Very soon, social media will expand from your mobile and desktop screens to your TV sets, a major shift that will enable social platforms to compete with traditional TV broadcasters for ad dollars.
This most significant push in this trend came when Twitter switched their strategy to put more focus on live-streaming, which inspired Facebook to do the same. But both soon realized that the value of live-streaming is not in enabling regular users to broadcast, it's in getting regular users to watch more stuff, and to that end, they need quality content being uploaded on a regular basis.
This is why Facebook paid celebrities to broadcast exclusive content on Facebook Live, why Twitter has made deals with NFL, NBA and a range of other sporting codes to stream content. There have always been strong links between social media discussion and TV content - why not look to incorporate them and get those a share of the respective ad revenue such content can bring?
YouTube too has seen this shift. Back in 2015, YouTube announced YouTube Red, their subscription offering which enables users to pay to remove ads, while also giving them access to exclusive content and other features. But even before that, YouTube launched YouTube Kids as a means for parents to allow their children to browse and view YouTube content in a safer, more controlled way.
Now, on the second anniversary of the app, YouTube has announced the next phase of YouTube Kids, with a new slate of exclusive programming made especially for the app and to be made available via YouTube Red.
And additionally, as noted by YouTube:
"The fun doesn't stop there ... YouTube Kids is coming soon to Smart TVs. Parents and kids often enjoy watching their favorite family programming on a big screen, so it's a natural next step for the app to be available directly from the big screen in your home! The YouTube Kids app will be available soon for download on a number of internet-connected LG and Samsung Smart TVs."
This is not a major innovation in itself - users have been able to watch YouTube on web-connected TVs for some time - but it's still important to note, particularly from a habitual standpoint.

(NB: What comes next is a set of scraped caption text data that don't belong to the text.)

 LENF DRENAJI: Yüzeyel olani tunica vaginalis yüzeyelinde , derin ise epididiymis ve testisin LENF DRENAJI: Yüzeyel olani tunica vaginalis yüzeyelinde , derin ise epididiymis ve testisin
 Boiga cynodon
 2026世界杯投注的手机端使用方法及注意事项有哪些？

Gone are the days where kids are brought up watching the morning cartoons - now, if they can't find anything to watch on traditional TV, they switch to YouTube, which is a trend being actively facilitated by this new integration.
The shift makes perfect sense, and it's also important to note that this is how kids are learning to watch TV, that soon it'll become an expectation that they can cast web content direct to their home TV sets, rather than settling for traditional, structured TV programming.

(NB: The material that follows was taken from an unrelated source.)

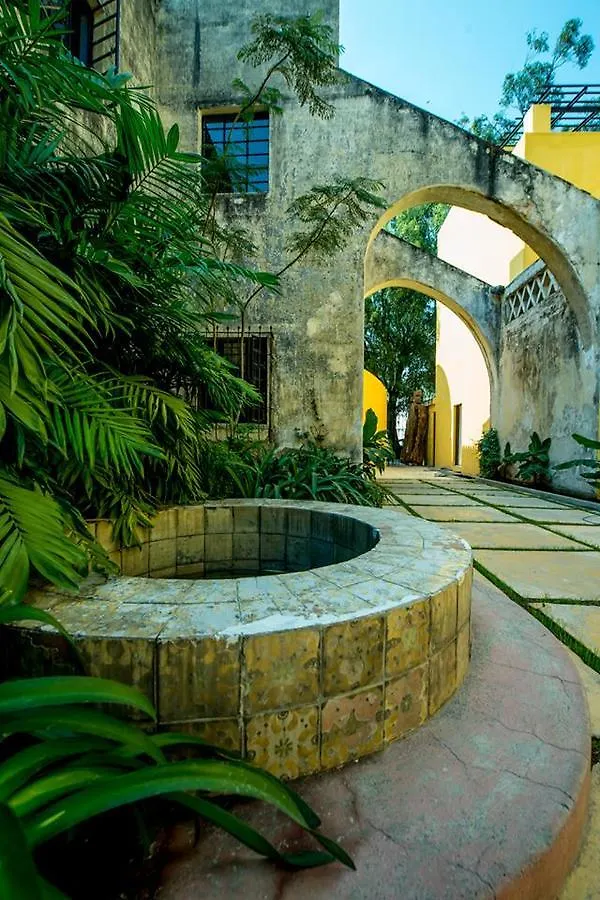 Bungalows Demetria Guadalajara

And your home TV is still hugely influential - as noted by the latest Mary Meeker internet trends report, while online media consumption is growing, TV still outstrips it for attention, and will for some time yet.
But online providers don't need to compete with TV directly, they can simply take it over - this is why Facebook's releasing a new TV app to get more people connected to Facebook video content on their main home screens, and you can expect Twitter to also be working on the same. And once online content becomes a genuine alternative to traditional media, the consumption shift will be fast, and significant.
This will provide digital platforms with a whole new range of options for reaching a wide audience, and advertisers with increasingly focused ad options with which to target TV viewers.
Starting with kids is a clever way for YouTube to facilitate habitual behavior and guide in that next shift.
It won't happen overnight, but this is an important trend that will have significant impacts for digital marketers.